From what I gleaned from the articles, these trucks are optimized for use between metropolitan distribution centers and the actual retail stores. Thus a large percentage of their trips will be less than 100 miles and in urban traffic conditions. Adapting railroad technology and regenerative braking makes a lot of sense from a fuel use standpoint since starting and stopping the big rigs uses a lot of fuel. However a company could also achieve quite a bit of fuel savings simply by scheduling their store deliveries at off-peak traffic times (like in the middle of the night.)

I do wonder about the durability of the carbon fiber trailers since I am taking the information to mean that the trailer beams are also carbon fiber instead of aluminum. I am also wondering if the trailer has electric drive wheels. I can see eliminating the wood flooring in the trailer with fiberglass and saving a bit of weight there, but I wonder how well protected the floor will be from road debris.


----------



## Tirediron (Jul 12, 2010)

So the further we get into this WAVE, we find out it still has, according to the cut away illustrations, a conventional plain changing drivetrain, not real efficient. a transverse drive motor should be more along the lines of progress, 
All those aero features on a local delivery truck ..... 
This may pave the way to decent tractive turbine power usage which would be good, a turbine can be an efficient multi fuel engine and the electric conversion has the potential to make use of peak efficiency points.


----------



## LincTex (Apr 1, 2011)

Tirediron said:


> ..... turbine power usage which would be good, a turbine can be an efficient multi fuel engine ...to make use of peak efficiency points.


I don't see how a turbine would be more efficient than a diesel piston engine.

I did a little research of some engineering papers I found online, and nothing can support theories that a small turbine power plant would be more efficient than a piston diesel engine power plant (at constant RPM).

When you narrow the rpm range of a diesel (say, to 1800 RPM constant, like a common 60Hz generator) you can REALLY tweak it a lot and get very impressive efficiency numbers from it.


----------



## Tirediron (Jul 12, 2010)

LincTex said:


> I don't see how a turbine would be more efficient than a diesel piston engine.
> 
> I did a little research of some engineering papers I found online, and nothing can support theories that a small turbine power plant would be more efficient than a piston diesel engine power plant (at constant RPM).
> 
> When you narrow the rpm range of a diesel (say, to 1800 RPM constant, like a common 60Hz generator) you can REALLY tweak it a lot and get very impressive efficiency numbers from it.


The turbine probably wouldn't approach the efficiency of a diesel piston engine on diesel fuel, but the advantage of the turbine is found in the ability to burn different fuels, like CNG, LNG, LPG, even an mix of gasoline and used oil or what have you, without needing different compression ratios etc, but a lot of efficiency might be lost gearing the turbines speed to a useable generating speed.

the turbine thing is probably hype to get the media and audience excited by the smoke and mirrors, because truck efficiency is pretty high already


----------



## LincTex (Apr 1, 2011)

Tirediron said:


> the ability to burn different fuels,
> like CNG, LNG, LPG,


No.
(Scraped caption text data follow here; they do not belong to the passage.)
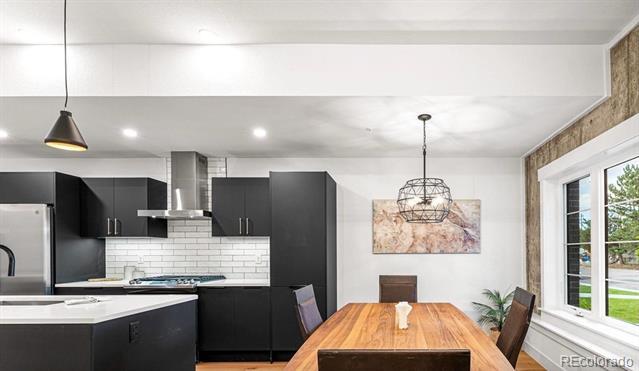 Foto del edificio - 3919 Cook St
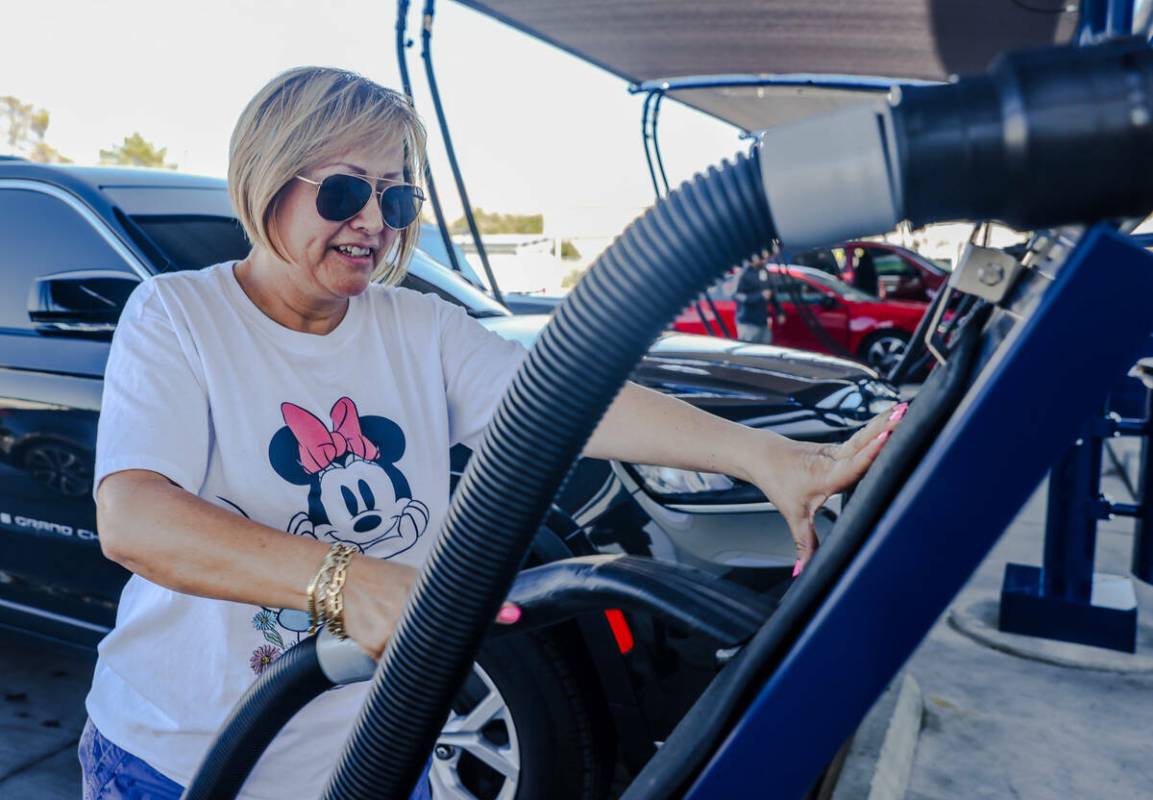 La clienta Carol Conde aspira las alfombras de su auto en la ubicación de WOW Carwash en Pecos ...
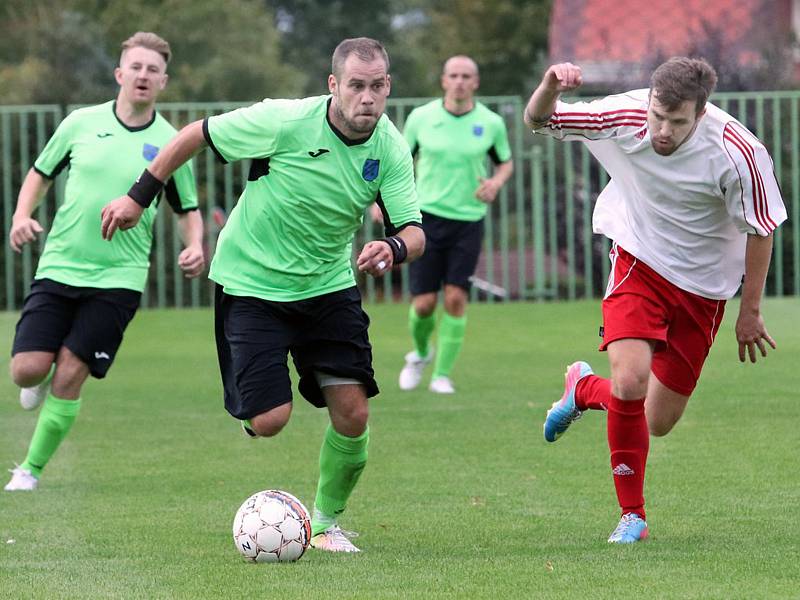 Fotbalisté Chuderova (v zelenočerném) zvítězili v 5. kole I. A třídy na hřišti Střekova 5:4. Foto: Deník/Rudolf Hoffmann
The amount of gaseous fuel flow to keep the fire burning will boggle your mind. The fuel control unit on natural gas fired industrial turbines is nearly as big as the turbine itself!

The oilfield will give you all the answers you need on this. CNG can be injected into diesels, and its becoming more common. The problem is still tank size. A 500HP "diesel style" (converted Cummins or Waukesha) piston engine running at rated load on CNG will use about 8,000 cubic feet of CNG per hour. 
A 500 HP turbine running at the same load on CNG will run about 15-20 minutes on that amount of fuel. You can't haul enough fuel around to make it practical.



Tirediron said:


> even an mix of gasoline and used oil or what have you, .


Actually no, the carbon deposits left behind on the blades destroys their aerodynamicity. 
Very, VERY little deposits are allowed on the blades (I mean microscopic) before you drop below 95% efficient (of *rated* power, not thermodynamic or stoichiometric) before a "hot-section" rebuild will be required.



Tirediron said:


> the turbine thing is probably hype to get the media and audience excited by the smoke and mirrors


Anything to sound "High Tech"!!


----------



## Tirediron (Jul 12, 2010)

Well there you go sounds like turbines are hype, because the video mentions natural gas type fuel, Typical spin doctoring just like the aero crap, the flat back of the trailer creates a pile of drag last I heard


----------